On the books: A faith-based fantasy and sci-fi series that runs from sword battles to time travel and spaceships, clean enough to hand a kid — that's a hard thing to find on a shelf right now. He built it for his own kids in 2005 and it grew into four trilogies. That alone moved him from a guest I enjoyed talking to into an author whose books I'm going to go pick up.
On the God winks: The Tophet story and the run of 3:16 coincidences were something to just sit with — a place he invented in his books turned out to be a real site in ancient Israel, and then a gold coin worth $2,316, a book that landed at 316 pages, a granddaughter born on March 16th. I've always believed God has a way of showing you things, and I was right there with him on it.
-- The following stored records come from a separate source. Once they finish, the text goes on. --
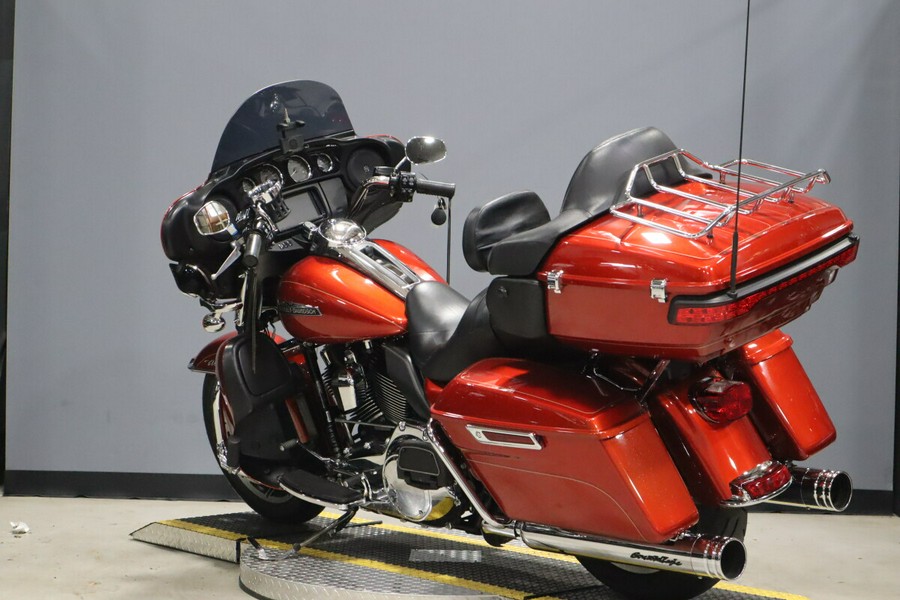 2014 Harley-Davidson Electra Glide Ultra Classic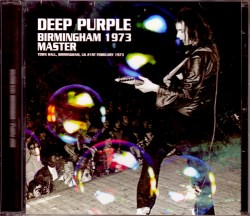 Deep Purple ディープ・パープル/UK 1973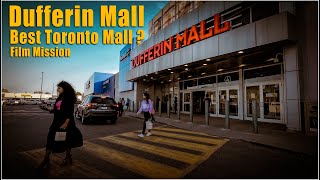 Dufferin Mall  Best Toronto Mall [upl. by Eenobe464]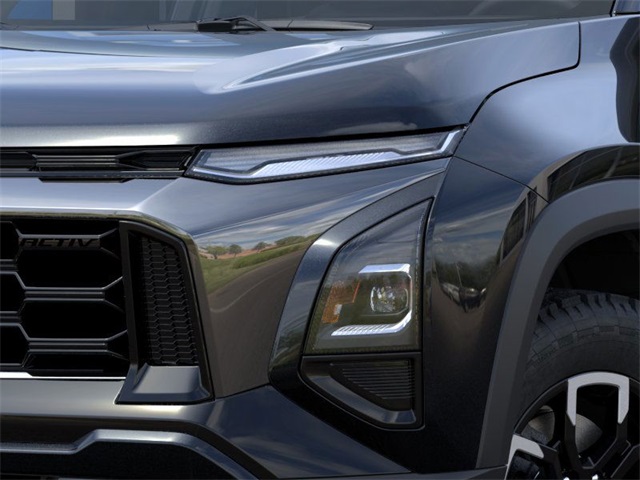 new 2026 Chevrolet Equinox car, priced at $34,806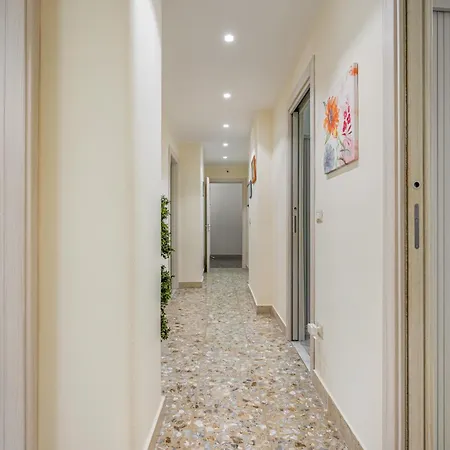 Appartamento Charming Near Bellini In Catania Cibali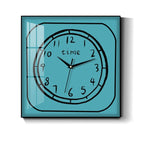 นาฬิกาสำหรับตกแต่งบ้าน - Wall Decorating Clock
On the writing advice: I asked him for advice for new writers and he went deep — start with a purpose, work backwards from the maze, get your best ideas walking the dogs instead of staring at a keyboard. That's real, usable advice for anyone who's got a story sitting unwritten, and I'm glad he gave it in full.
On the aviation we didn't get to: We share the aviation world — I controlled the fighters from the ground, he flew the jets doing it from the back seat. I could have sat there and talked air missions with him all day. But he came to talk about the books and his faith, so I gave him the room. Wish we'd had more time for it.
Takeaway: If you've ever thought about writing your own story down, his blueprint — purpose first, then walk it out before you sit at the keyboard — is worth the watch on its own. And if you're the praying kind, keep an eye out for your own God winks. I have.